With commit_policy.mode: required:

Source Event
    │
    ▼
┌─────────────────────────────────────────────────────┐
│              Parallel Sink Delivery                 │
├─────────────────┬─────────────────┬─────────────────┤
│ Kafka           │ Redis           │ NATS            │
│ required: true  │ required: false │ required: false │
│                 │                 │                 │
│ ✓ Must succeed  │ ✓ Best-effort   │ ✓ Best-effort   │
└────────┬────────┴────────┬────────┴──────┬──────────┘
         │                 │               │
         ▼                 │               │
    Checkpoint <───────────┘               │
    advances                               │
    (even if Redis/NATS fail)              │

Output Formats

Kafka (Debezium):

{
  "payload": {
    "before": null,
    "after": {"id": 1, "total": 1500.00, "status": "pending"},
    "source": {"connector": "mysql", "db": "shop", "table": "orders"},
    "op": "c",
    "ts_ms": 1700000000000
  }
}

Redis (Native):

{
  "before": null,
  "after": {"id": 1, "total": 1500.00, "status": "pending"},
  "source": {"connector": "mysql", "db": "shop", "table": "orders"},
  "op": "c",
  "ts_ms": 1700000000000
}

NATS (CloudEvents):

{
  "specversion": "1.0",
  "id": "evt-123",
  "source": "deltaforge/orders-mysql/shop.orders",
  "type": "com.acme.orders.created",
  "time": "2025-01-15T10:30:00.000Z",
  "data": {
    "before": null,
    "after": {"id": 1, "total": 1500.00, "status": "pending"},
    "op": "c"
  }
}

Running the Example

1. Set Environment Variables

export MYSQL_DSN="mysql://user:password@localhost:3306/shop"
export KAFKA_BROKERS="localhost:9092"
export REDIS_URI="redis://localhost:6379"
export NATS_URL="nats://localhost:4222"

2. Start Infrastructure

./dev.sh up
./dev.sh k-create orders.cdc 6
./dev.sh nats-stream-add ORDERS 'orders.>'

3. Start DeltaForge

cargo run -p runner -- --config fan-out.yaml

4. Insert Test Data

INSERT INTO shop.orders (customer_id, total, status)
VALUES (1, 1500.00, 'pending');

5. Verify Each Sink

# Kafka
./dev.sh k-consume orders.cdc --from-beginning

# Redis
./dev.sh redis-read orders:cache 10

# NATS
./dev.sh nats-sub 'orders.>'

Variations

Quorum Mode

Require 2 of 3 sinks to succeed:

sinks:
  - type: kafka
    config:
      id: kafka-1
      required: true   # Counts toward quorum
  - type: redis
    config:
      id: redis-1
      required: true   # Counts toward quorum
  - type: nats
    config:
      id: nats-1
      required: true   # Counts toward quorum

commit_policy:
  mode: quorum
  quorum: 2            # Any 2 must succeed

All-or-Nothing

Require all sinks to succeed (strongest consistency):

commit_policy:
  mode: all

⚠️ Warning: mode: all means any sink failure blocks the entire pipeline.
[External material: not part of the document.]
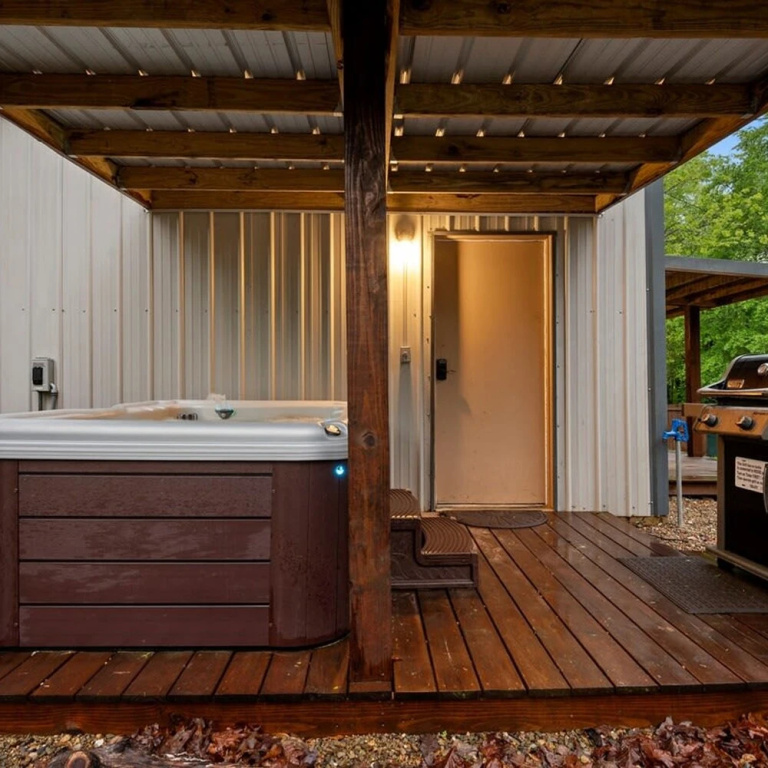 Modern Cabin in Broken Bow w Hot Tub Firepit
Use only when all destinations are equally critical.

Key Concepts Demonstrated

  • Multi-Sink Fan-Out: Single source to multiple destinations
  • Format Adaptation: Different envelope per consumer requirement
  • Selective Checkpointing: required flag controls which sinks gate progress
  • Failure Isolation: Non-critical sinks don’t block the pipeline
  • Tag-Based Enrichment: Use event.tags for routing metadata

Processor Constraints: JavaScript processors can only modify event.before, event.after, and event.tags. Arbitrary top-level fields would be lost during serialization.